Since the recession 10 years ago, the U.S. economy is seeing tremendous economic growth. Confidence in the economy, job growth, and lowered interest rates have been factors in a strong real estate market. However, new trends are indicating that the U.S. real estate market may be headed in a different direction than seen before. Millennials and Generation Z’s, two of the newest groups to enter the real estate market are shifting it through their technological affinity, preferences, and adaptation to current inventory.
Real estate websites such as Zillow and Trulia are changing how consumers approach the buying process. These websites offer an online marketplace to view available properties from Multiple Listing Services (MLS) without the immediate need for a middleman. While this transparency and accessibility are desirable for consumers, real estate agents are forced to find new ways to stay relevant. Previously, access to real estate listings was held almost exclusively by agents or brokers. Although worrisome for real estate agents, consumers now seem to have more information and bargaining power than before.

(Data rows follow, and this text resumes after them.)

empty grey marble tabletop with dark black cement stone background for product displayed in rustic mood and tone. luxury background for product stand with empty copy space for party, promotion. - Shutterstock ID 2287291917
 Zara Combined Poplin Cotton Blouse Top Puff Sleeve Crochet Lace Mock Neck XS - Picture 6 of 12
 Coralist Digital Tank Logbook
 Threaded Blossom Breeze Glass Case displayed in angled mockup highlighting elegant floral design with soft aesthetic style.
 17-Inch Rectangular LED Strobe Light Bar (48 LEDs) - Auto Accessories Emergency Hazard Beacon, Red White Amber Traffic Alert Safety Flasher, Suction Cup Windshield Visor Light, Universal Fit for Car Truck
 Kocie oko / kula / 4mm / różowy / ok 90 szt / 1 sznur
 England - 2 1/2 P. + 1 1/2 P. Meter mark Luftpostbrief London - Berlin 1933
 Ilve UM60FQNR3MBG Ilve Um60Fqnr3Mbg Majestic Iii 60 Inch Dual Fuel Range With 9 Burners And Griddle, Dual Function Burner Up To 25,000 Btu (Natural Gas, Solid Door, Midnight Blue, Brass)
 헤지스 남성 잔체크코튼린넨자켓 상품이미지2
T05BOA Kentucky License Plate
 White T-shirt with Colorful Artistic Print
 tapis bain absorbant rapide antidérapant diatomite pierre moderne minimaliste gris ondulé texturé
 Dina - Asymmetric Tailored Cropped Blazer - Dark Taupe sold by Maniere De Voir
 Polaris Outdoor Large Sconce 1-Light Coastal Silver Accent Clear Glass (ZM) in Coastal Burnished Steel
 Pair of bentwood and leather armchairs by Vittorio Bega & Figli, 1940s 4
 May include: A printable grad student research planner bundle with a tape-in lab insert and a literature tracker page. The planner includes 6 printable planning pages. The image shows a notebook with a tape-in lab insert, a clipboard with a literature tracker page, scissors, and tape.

Between a lack of homes available on the market and a higher proportion of buyers to sellers, new buyers are forced to shift their expectations when purchasing. As rental prices continue to increase, tenants are looking to buy. A small amount of available listings, coupled with very little construction on new single-family homes has been a source of frustration for first-time buyers. The intense demand is pricing many potential buyers out, forcing them to continue renting or move home until they have saved even more for a down payment. In the current real estate market, having the income and qualifications for a mortgage is just not enough.
So where are Millennials turning to for homes? Trends show that they make up the largest segment of luxury renters and buyers. However, this may be less to do with individual preference, and more because of a lack of choice otherwise. Nearly all new units built are luxury rentals. This squeezes the lower-end rental market and is leading to a higher amount of income going towards rent. In Los Angeles, the average income going towards rent is reaching 50%.
These trends seem to indicate potential trouble on the horizon more than positive adaptations for new home buyers and those renting.